EU-werknemers en hun familieleden krijgen wel eens te maken met obstakels voor het recht van vrij verkeer.

Het principe van het recht op vrij verkeer voor werknemers ligt vervat in artikel 45 van het EU-werkingsverdrag. Dat artikel verbiedt discriminatie op basis van nationaliteit tussen burgers van de EU-lidstaten. Ook artikel 18 van het EU-werkingsverdrag en artikel 21 van het Europees Handvest van de Grondrechten verbieden discriminatie op basis van nationaliteit. Die basisbepalingen hebben directe werking en gelden zowel verticaal als horizontaal, dus zowel ten aanzien van overheden als voor privé-actoren.

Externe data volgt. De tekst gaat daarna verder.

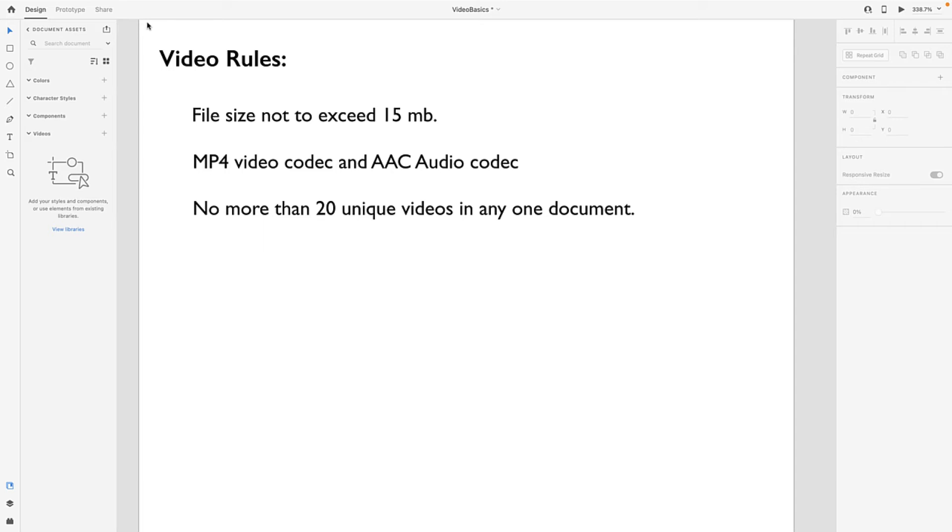And you are limited to no more than 20 unique videos in any one document. If you have 21 videos, well, you're out of luck.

Secundaire Europese regelgeving

Daarnaast wordt het recht op vrij verkeer ook gegarandeerd in secundaire Europese regelgeving. Volgens artikel 24 van de vrijverkeerrichtlijn 2004/38/EG geniet elke EU-burger die in een andere lidstaat verblijft dezelfde behandeling als de burgers van die lidstaat. Deze gelijke behandeling geldt eveneens voor zijn Europese en niet-Europese familieleden. Ook verordening 492/2011 inzake het vrij verkeer van werknemers bepaalt dat elke EU-burger en zijn familieleden het recht hebben in een andere lidstaat te werken en te verblijven. 

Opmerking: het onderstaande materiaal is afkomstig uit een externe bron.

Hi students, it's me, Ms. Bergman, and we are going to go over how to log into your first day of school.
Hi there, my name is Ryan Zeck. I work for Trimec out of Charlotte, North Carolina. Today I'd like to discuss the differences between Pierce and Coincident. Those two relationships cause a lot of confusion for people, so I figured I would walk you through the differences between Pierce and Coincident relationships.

Om het vrij verkeer van werknemers te garanderen, heeft de EU bijkomende regelgeving aangenomen op verschillende domeinen:

  • verordening 883/2004 voor de coördinatie van de sociale zekerheidsstelsels 
  • richtlijn 2005/36/EG en richtlijn 2013/55/EU voor de erkenning van beroepskwalificaties behaald in andere EU-lidstaten 
  • richtlijn 2014/50/EU voor de verbeteringen in de verwerving en het behoud van aanvullende pensioenrechten
  • richtlijn 2014/54/EU voor de verplichting om rechtsmiddelen te waarborgen voor werknemers die te maken hebben met discriminatie, en instanties aan te wijzen die een gelijke behandeling bevorderen en hierop toezicht houden

De Europese Arbeidsautoriteit (ELA) is een agentschap opgericht in 2019 dat zich bezighoudt met het vrij verkeer van werknemers, met inbegrip van gedetacheerde werknemers.